If I plunge my hand into boiling water, I will get scalded. Will I still get scalded if I know the position and momentum of every particle involved? If so, what causes it? If not, where does this stop—is everything in the mind?
ETA: I should have reread the discussion first, because there has been a substantial amount about this very question. However, I’m not sure it has come to a conclusion that resolves the question. Also, no-one has taken on Shalizi’s conundrum that someone cited, that Bayesian reasoners should see entropy decrease with time.

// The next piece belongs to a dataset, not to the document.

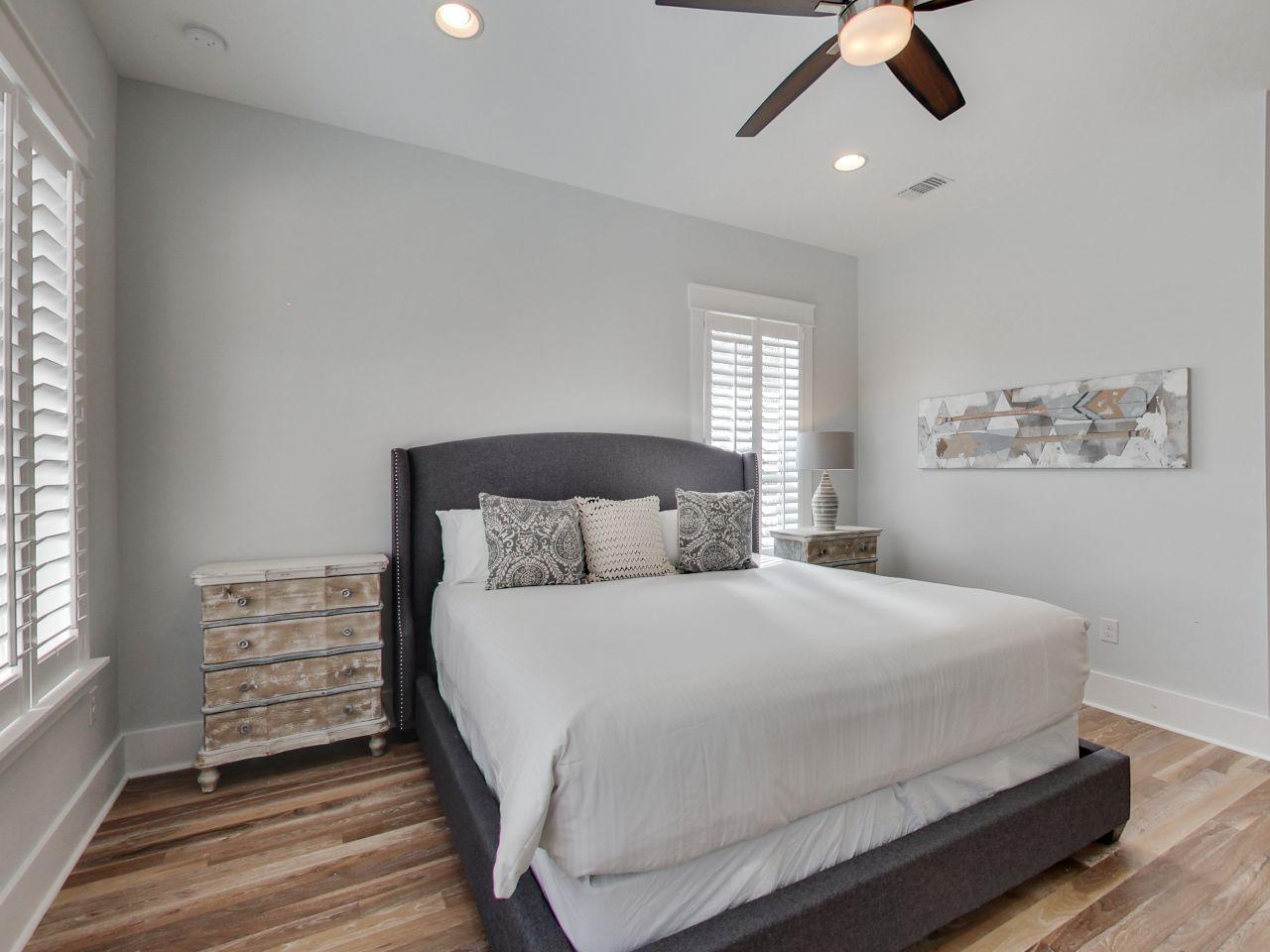 GULF SHORE MANOR - Residential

ETA2: One response would be that the detailed knowledge allows one to predict the same injury, by predicting the detailed properties of all of the particles through time. But I find this unsatisfying, because the easiest way to get that prediction is to start by throwing away almost all of the information you started with. Find the temperature you would attribute to this microstate if you didn’t know the microstate, and make the prediction you would have made knowing only the temperature. This will almost invariably give the right answer: it will be right as often as you would actually get scalded from boiling water. If the simplest way to make some objective prediction is in terms of a supposedly subjective quantity that is not being experienced by any actual subject, just how subjective is that quantity?

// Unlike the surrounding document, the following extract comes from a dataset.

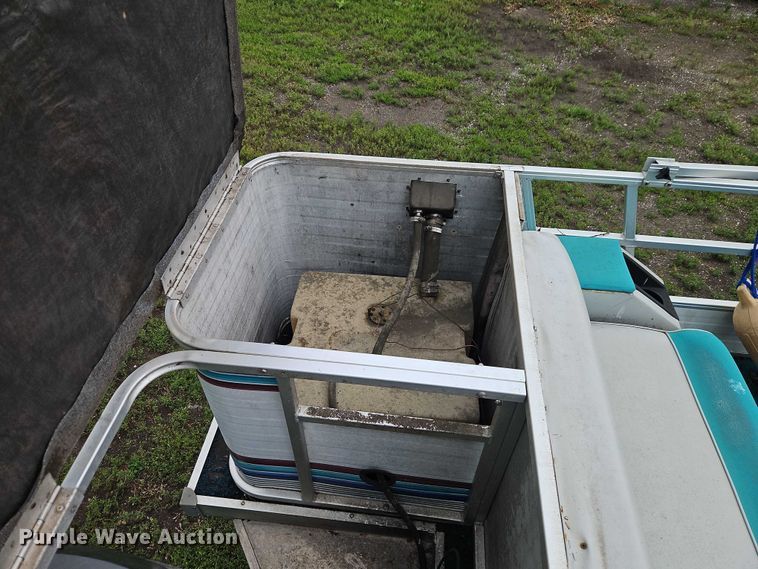 image for item EB8093 1994 Lowe Family 200 pontoon boat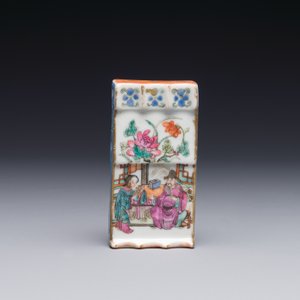 A Chinese famille rose brush rest, 19th C. — 照片 2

ETA 3: Consider the configuration space of the whole system, a manifold in some gigantic number of dimensions, somewhat more than Avogadro’s number. I am guessing that with respect to any sensible measure on that manifold, almost all of it is in states whose temporal evolution almost exactly satisfies equipartition. Equipartition gives you an objective definition of temperature.

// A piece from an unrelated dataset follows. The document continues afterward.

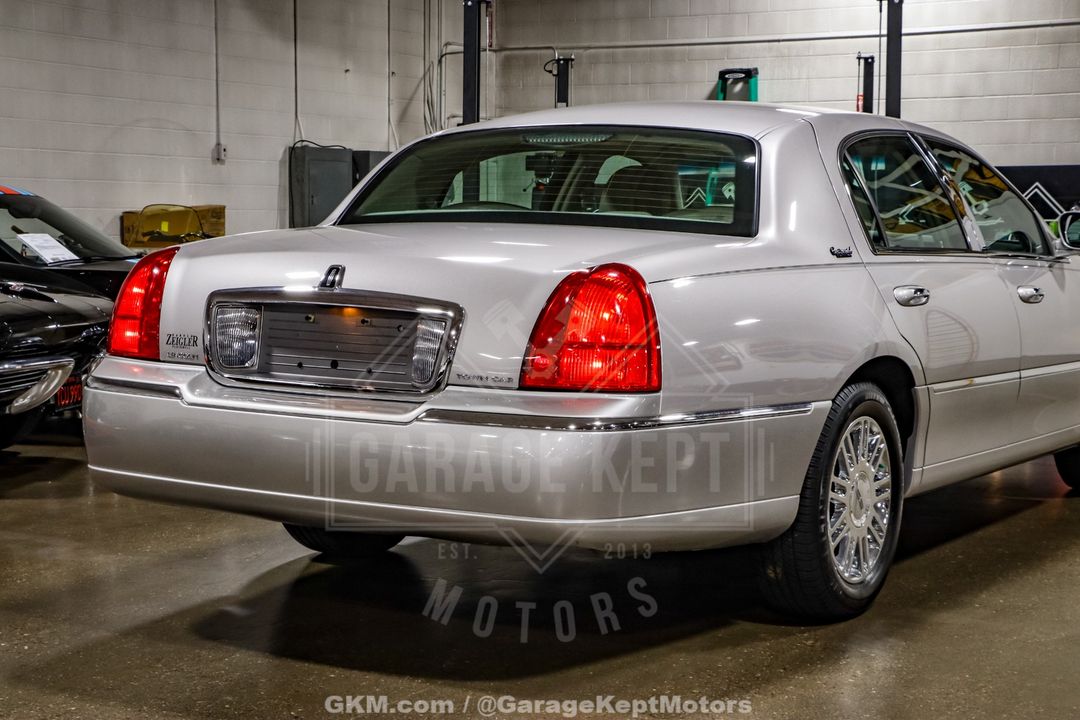 2010 Lincoln Town Car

Equipartition is what you will see virtually all of the time, when you do not know the microstate. But it is also what you will see when you do know the microstate, for virtually every microstate. The only way to come upon a non-equipartitioned pan of hot water is by specifically preparing it in such a state.
But what is a sensible measure, if we do not deliberately define it in such a way as to make the above true? You could invent a measure that gave most of its mass to the non-equipartitioned cases. But to do that you would have to already know that you wanted to do that, in order to devote the mass to them. I think there’s a connection here to the matter of (alleged) “Bayesian brittleness”, and to the game of “follow the improbability”. But I do not quite see a resolution of this point yet. Entsophy/Joseph Wilson seemed to be working towards this on his blog last year, until he had some sort of meltdown and vanished from the net. I had intended to ask him how he would define measures on continuous manifolds (he had up to then only considered the discrete case and promised he would get to continuous ones), but I never did.
If I plunge my hand into boiling water, I will get scalded. Will I still get scalded if I know the position and momentum of every particle involved? If so, what causes it? If not, where does this stop—is everything in the mind?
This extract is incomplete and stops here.